Vodka plays in to the mix
By John Colson
Sopris Sun Staff Writer
Honey bees are dying the world over, prompting alarming cautionary articles about the possible destruction of the food chain and incipient devastation to human populations that depend on bees in ways most people don’t recognize.
But here in Carbondale, one local business is doing something to work against what is known as the global honeybee colony collapse disorder [HCCD] by putting two hives on the rooftop of the Marble Distilling Company Luxury Inn & Lounge [or MDC for short], a small distiller of vodka and other spirits that opened up last year.
“We’re doing it partly to keep everything in balance and keep the flowers blooming,” said Carey Shanks, part owner of the distillery at 150 Main St., adding, “we’re trying to add some pollination to the local flora and fauna.”
But the business also hopes to use some of the honey produced by the bees [much of it has to stay in the hive for the health of the bees] to make a new, honey-flavored vodka drink, said Shanks’ wife and MDC co-owner, Connie Baker.
The MDC’s two experimental hives were placed on the roof two weeks ago, said Baker, by well-known local beekeeper Bob Bailey [Bailey was floating the Colorado River this week and unavailable for comment).

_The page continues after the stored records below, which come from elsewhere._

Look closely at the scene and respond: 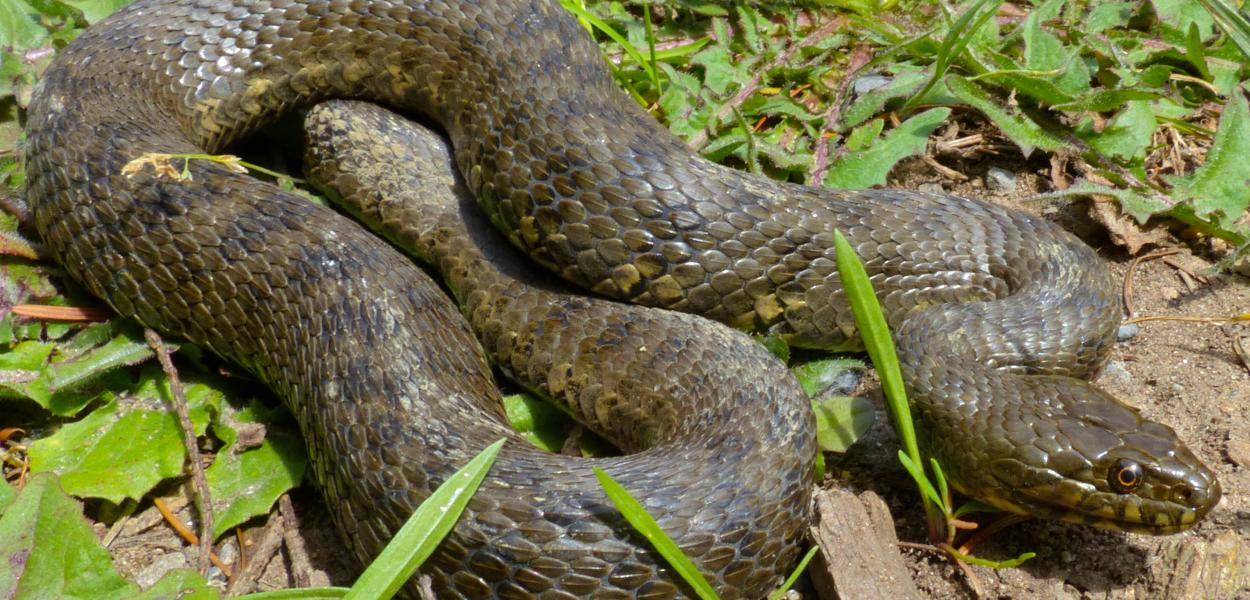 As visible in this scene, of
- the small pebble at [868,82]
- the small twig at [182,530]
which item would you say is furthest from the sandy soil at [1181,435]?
the small twig at [182,530]

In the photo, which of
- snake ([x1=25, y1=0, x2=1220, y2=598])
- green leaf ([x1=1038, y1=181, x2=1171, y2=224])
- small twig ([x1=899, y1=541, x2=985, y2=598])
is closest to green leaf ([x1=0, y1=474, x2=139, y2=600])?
snake ([x1=25, y1=0, x2=1220, y2=598])

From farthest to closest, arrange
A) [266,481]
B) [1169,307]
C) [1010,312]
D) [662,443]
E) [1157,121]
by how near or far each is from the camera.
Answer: [1157,121] < [1169,307] < [1010,312] < [266,481] < [662,443]

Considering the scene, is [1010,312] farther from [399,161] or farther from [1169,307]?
[399,161]

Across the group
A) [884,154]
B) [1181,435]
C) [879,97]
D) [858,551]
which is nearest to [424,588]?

But the idea originally came from Mitch Meyers, the woman who heads up a “proof agency” in St. Louis, Mo., which has been working with the MDC to get is product line up and running.

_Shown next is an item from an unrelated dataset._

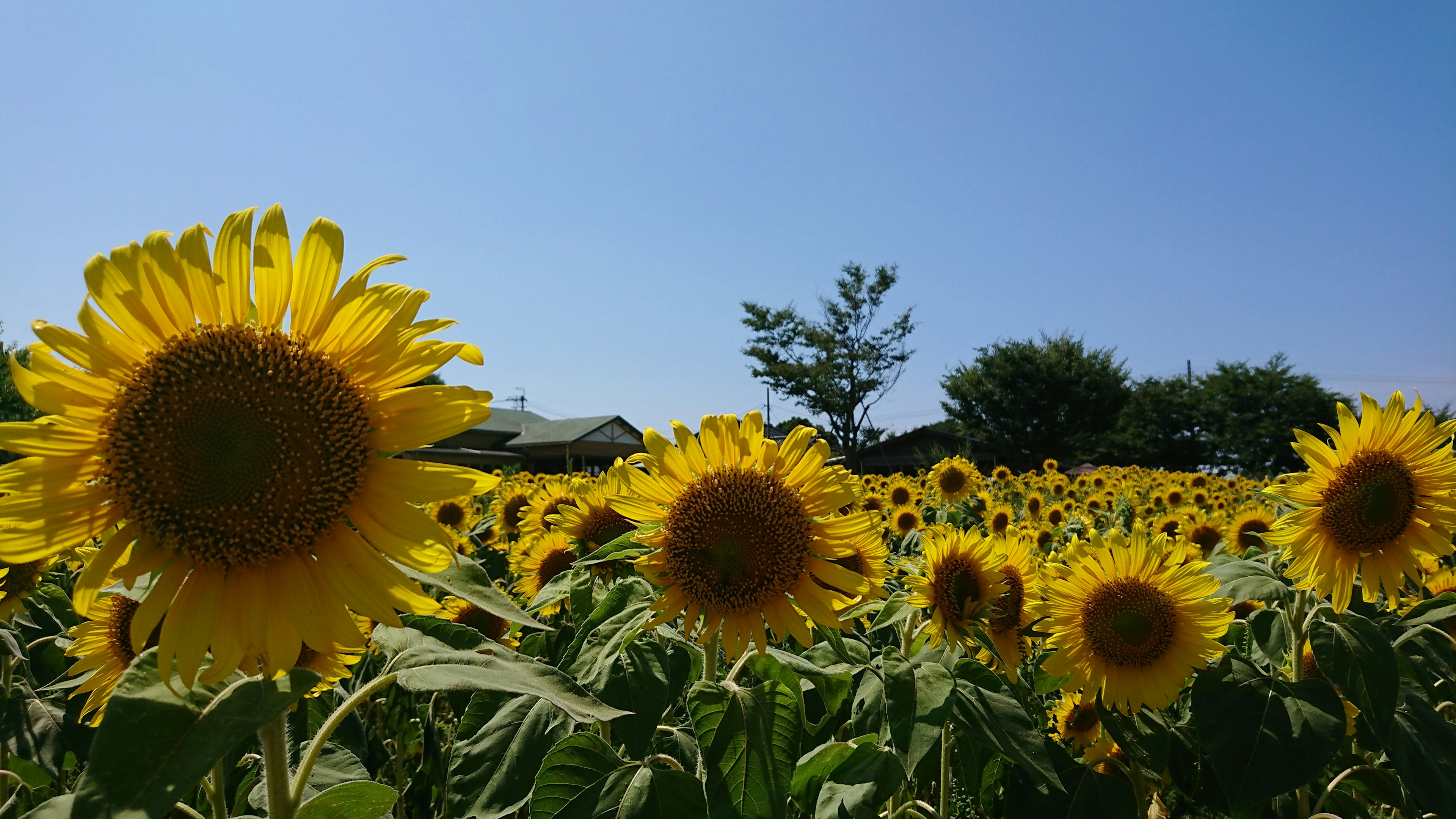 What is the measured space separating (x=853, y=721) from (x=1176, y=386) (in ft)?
208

Meyers, said Baker, also happens to be a beekeeper with a second home on Missouri Heights, and a friend of Rhonda Black, owner of Catherine Store (a gas station, general emporium and liquor store on Highway 82).
One day when Baker and Black were chatting and Baker mentioned she was fascinated by bees, Black said, “Oh, you have to talk with Mitch about it, she’s a beekeeper,” Baker recalled.

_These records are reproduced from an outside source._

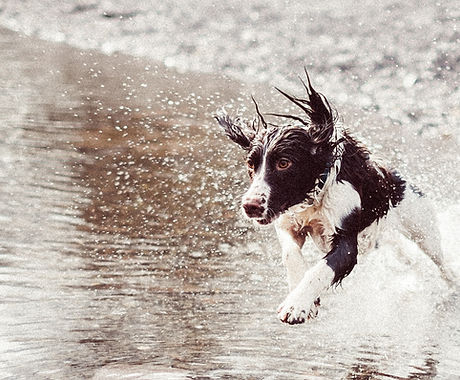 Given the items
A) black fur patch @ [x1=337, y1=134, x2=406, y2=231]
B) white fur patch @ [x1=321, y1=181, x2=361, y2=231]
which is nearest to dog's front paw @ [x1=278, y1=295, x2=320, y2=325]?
white fur patch @ [x1=321, y1=181, x2=361, y2=231]

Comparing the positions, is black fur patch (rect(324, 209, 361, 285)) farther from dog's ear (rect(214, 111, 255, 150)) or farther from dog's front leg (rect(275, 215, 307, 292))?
dog's ear (rect(214, 111, 255, 150))

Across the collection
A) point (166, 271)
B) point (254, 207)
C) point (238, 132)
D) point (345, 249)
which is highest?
point (238, 132)

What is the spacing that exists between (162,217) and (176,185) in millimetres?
701

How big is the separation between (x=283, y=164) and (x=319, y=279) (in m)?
0.60

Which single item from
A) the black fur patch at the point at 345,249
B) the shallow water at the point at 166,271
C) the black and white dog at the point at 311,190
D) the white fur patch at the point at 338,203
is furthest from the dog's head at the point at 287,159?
the shallow water at the point at 166,271

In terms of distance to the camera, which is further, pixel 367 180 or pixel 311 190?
pixel 367 180

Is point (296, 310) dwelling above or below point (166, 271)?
above

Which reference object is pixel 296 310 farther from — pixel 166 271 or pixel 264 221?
pixel 166 271

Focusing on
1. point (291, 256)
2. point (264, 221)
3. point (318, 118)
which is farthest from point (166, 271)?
point (318, 118)

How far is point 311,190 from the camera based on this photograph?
4.66 metres

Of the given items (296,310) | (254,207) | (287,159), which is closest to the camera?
(296,310)

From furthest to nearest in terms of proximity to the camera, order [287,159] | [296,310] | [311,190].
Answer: [311,190]
[287,159]
[296,310]

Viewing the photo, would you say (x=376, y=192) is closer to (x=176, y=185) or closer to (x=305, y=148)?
(x=305, y=148)

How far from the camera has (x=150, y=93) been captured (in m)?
10.5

Baker tasted honey from Meyers’ bees and quickly became an aficionado of bees, so much so that Shanks bought her a hive last year, which they placed on their property in the Town of Marble [which gave the distillery its name and is the source of the marble chips through which the MDC’s vodka is filtered].
It was some time later that Baker was talking about her interest in bees and Bailey, the beekeeper, happened to be sitting nearby and overheard the conversation, Baker continued.
Bailey suggested putting hives on the rooftop, offered to help make it happen, and the bees are now living on the roof.
The roof, Baker said, is “a great place to put them” because they are out of the way of their two natural enemies — stumbling humans who might knock into a hive unwittingly, and hungry bears who definitely would attack a hive to get at the honey that bears love.
“This is bear crack,” joked Baker while showing a reporter the two hives.
Bailey, she explained, has a shop in Carbondale where he built their hives, and is well known in the Roaring Fork Valley as an advocate of bees and the work they do to keep life on the planet moving along.
In fact, said Shanks, “Once you get him started [on the subject of bees], he’s hard to stop.”
The hives are not the typical stacked boxes one sees along the roadsides all over the U.S., but are instead what are called “top bar” hives, in which the bees build their combs in suspension from slats of wood laid across the top of the hive chamber.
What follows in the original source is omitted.